DUBAI: Veolia a signé un premier semestre 2026 solide, porté par une amélioration de sa rentabilité et une croissance de ses principaux indicateurs financiers. Fort de ces résultats, le groupe relève ses objectifs pour l'ensemble de l'année et confirme la trajectoire de son plan stratégique GreenUp.

Le chiffre d'affaires atteint 22,2 milliards d'euros, en hausse de 1,5 %, tandis que l'EBITDA progresse de 5 % pour s'établir à 3,55 milliards d'euros. La marge d'EBITDA s'améliore de 70 points de base, reflet des efforts continus du groupe en matière d'efficacité opérationnelle. Le résultat net courant part du groupe s'élève à 837 millions d'euros, en progression de 10,4 %, dépassant le rythme de croissance initialement attendu.

Cette performance repose sur la bonne tenue des activités Eau et Énergie, sur une croissance soutenue à l'international, notamment dans les Amériques et en Asie, ainsi que sur des gains d'efficacité de 195 millions d'euros réalisés au premier semestre. Veolia continue de bénéficier d'une forte demande pour ses services liés à la gestion de l'eau, de l'énergie et des déchets, tout en maintenant une discipline stricte sur ses coûts et ses investissements.

Le groupe poursuit également sa transformation avec la finalisation de l'acquisition de Clean Earth, qui renforce sa position sur le marché américain du traitement des déchets dangereux.
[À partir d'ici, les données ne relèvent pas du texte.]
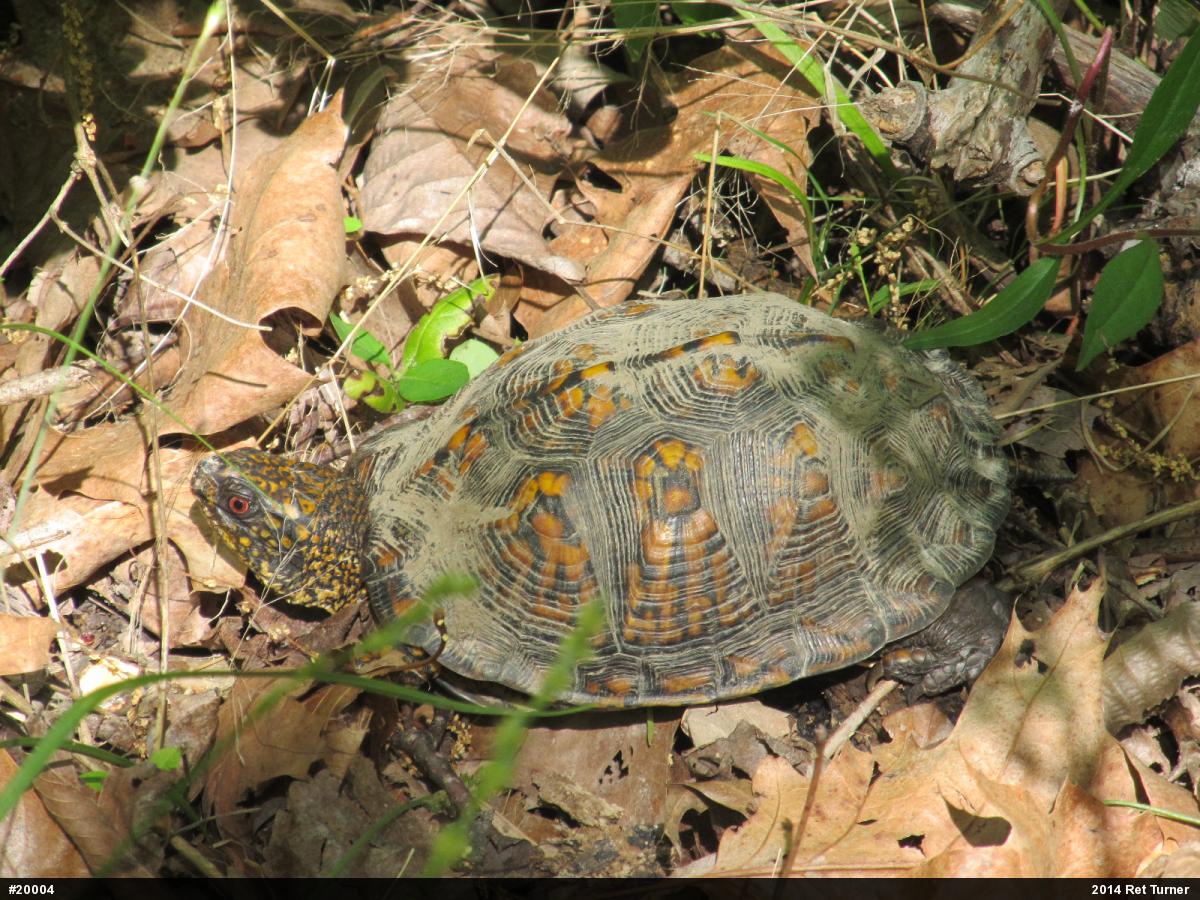 Eastern Box Turtle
Cette opération s'inscrit dans la stratégie de développement international de Veolia et devrait contribuer à sa croissance à partir de 2027.

Parallèlement, Veolia accélère son développement sur les marchés liés aux centres de données, à la microélectronique et aux solutions numériques. Le groupe vise un milliard d'euros de chiffre d'affaires annuel sur ces activités d'ici 2030 et entend accroître le rôle de l'intelligence artificielle dans l'amélioration de son efficacité opérationnelle.

Au vu de ces performances, Veolia relève son objectif de croissance du résultat net courant pour 2026 à un minimum de 8 %, contre une prévision précédente plus prudente, et confirme l'ensemble des ambitions de son plan GreenUp. Ces résultats illustrent la capacité du groupe à conjuguer croissance, amélioration de la rentabilité et investissements dans ses relais de développement.